Making Strategy Work
It is well documented that although a strategy may have been the 'right' one, often the Executives simply could not make it happen. Strategy Implementation is not like an architect handing over a building design to the appropriate contractors. It is much more complex than that. As Peter Drucker once remarked “... at some point strategy must degenerate into work...”
So what are the killers of strategy implementation?
Lost in translation. The articulated vision and strategy is unclear to the majority of people within the organisation. The typical words, such as global, leading, world class, first class, mean different things to different people. And as the strategy percolates down the organisation different business units start to put their own (well-intentioned) spin on the Corporate strategy. The result is disconnect, conflicting objectives, competing business unit strategies and an overall unhealthy state of affairs. In addition, even if the vision has been well-articulated and communicated, if it is not shared, if the employees do not believe in it there will be immense implementation issues. Do not, therefore, underestimate the need to win the hearts and minds of your people.
A simple test. Give out to a good representative sample of your employees your statement of vision or mission and ask them to write a couple of bullet points as what these statements mean to them. Then compare the findings.
Key Success Factors. Another reason for implementation difficulties lies in the fact that very often key or critical success factors are not properly transferred into key performance indicators and measurements. People manage what they are measured on. This will never change. Therefore if business units' budgets and performance indicators are arrived in isolation of the overall key success factors, the organisation ends up with a high number of non value added measurements. The wrong things are being measured! Looking at a typical cost centre manager's budget one should be able to reconcile the metrics there with the overall statement of strategy.
Bureaucracy. A device for converting energy into solid waste. This quote aptly describes what can happen if the organisation's structure and processes are not aligned to its strategy. Activities happen because they always have. Behaviour becomes mindless. Precedent and memory substitute for thinking. It becomes a case of 'we have always done it this way'. Executives therefore constantly need to fight this straight jacket of conformity and not allow this busy idleness to take root.

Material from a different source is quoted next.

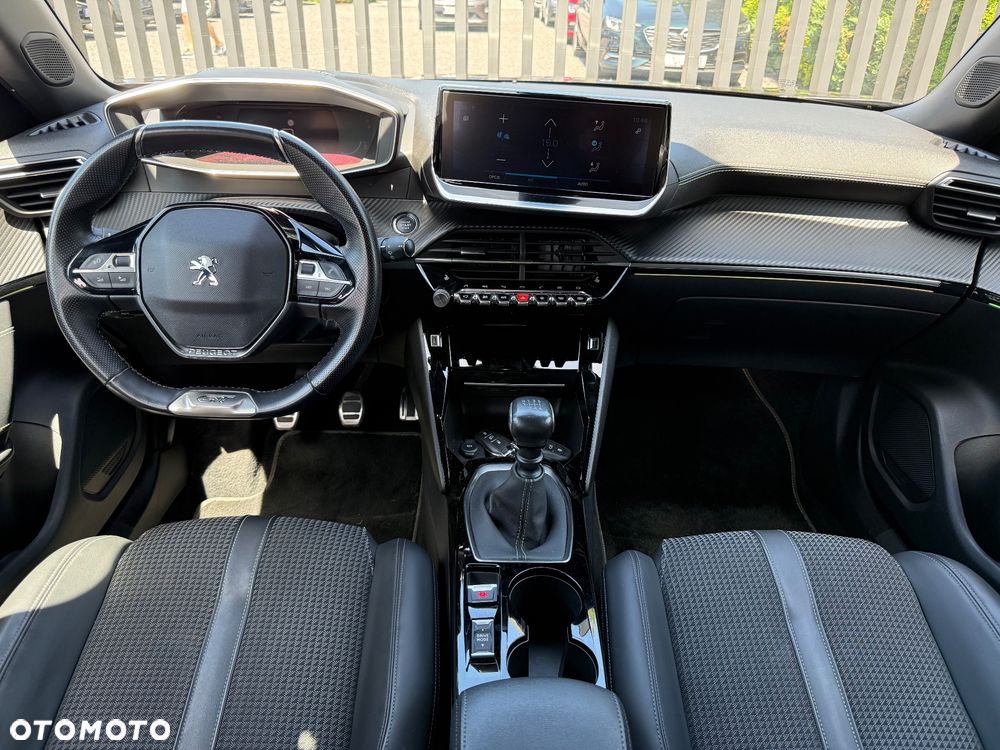 Peugeot 2008 - 11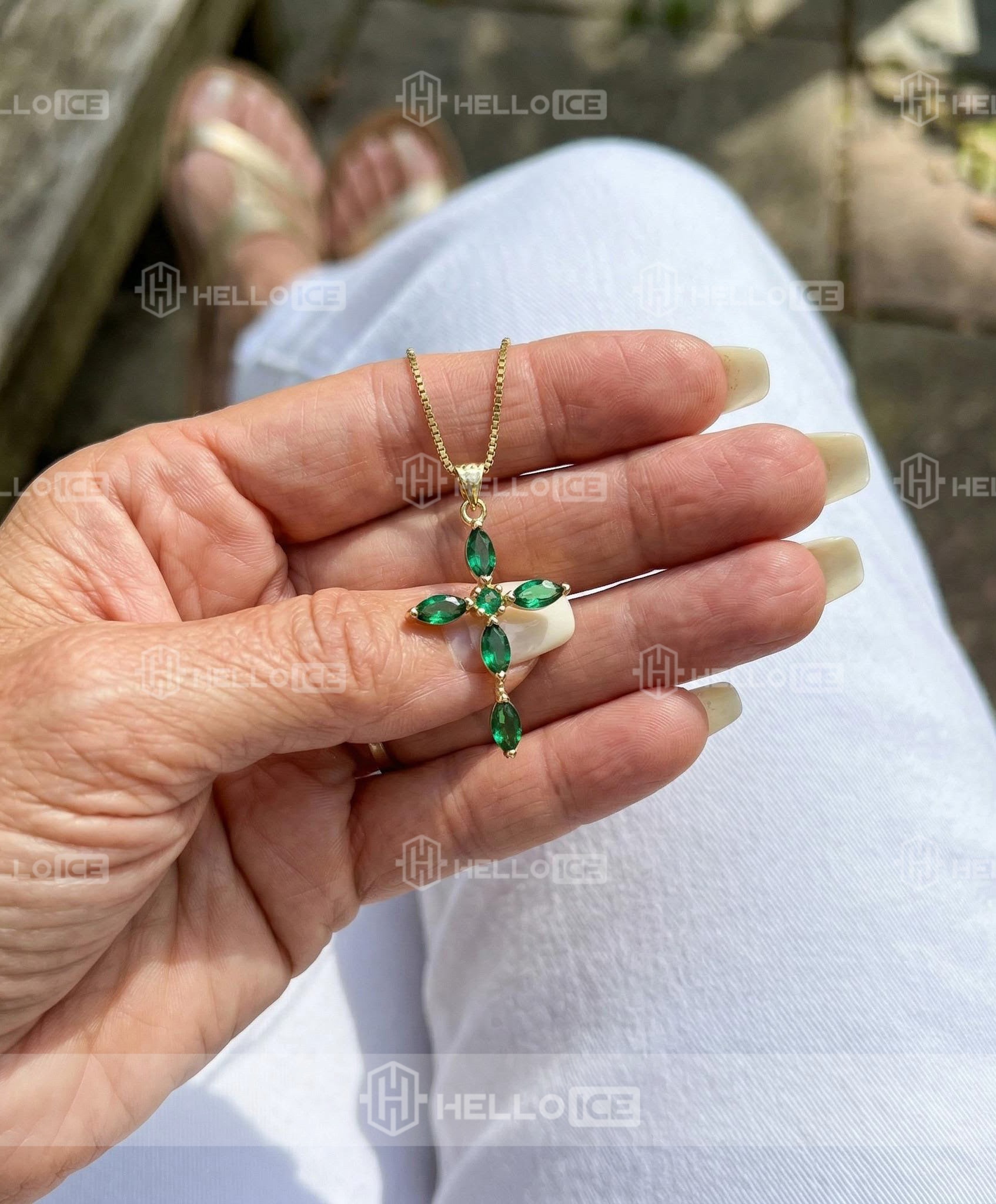 Helloice Review Image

Culture. There are enough books and writings devoted to this subject. Suffice to say that culture and strategy need to be aligned. A recent executive casualty was the departure of Ms Carly Fiorina of Hewlett Packard, where her tough management style constantly clashed with the more collegial culture in place. In assessing the possible strategic choices an assessment of the organisation's culture and values must feature in the choice process.
Leadership. Again there are numerous books on the topic. In the context of strategy and implementation, leaders must walk the talk. They must communicate clearly. Executives often fail to understand that they are always sending a message, that their behaviour and communication are always under the spotlight. They need to be particularly careful about off-the-cuff comments and behaviour which are often interpreted as hard data.
In summary. Strategy implementation must not be viewed as a discrete set of activities that can simply be delegated when the Board has approved the strategy. Implementation issues must feature upfront when all strategies are being assessed. Executives underestimate implementation obstacles at their peril.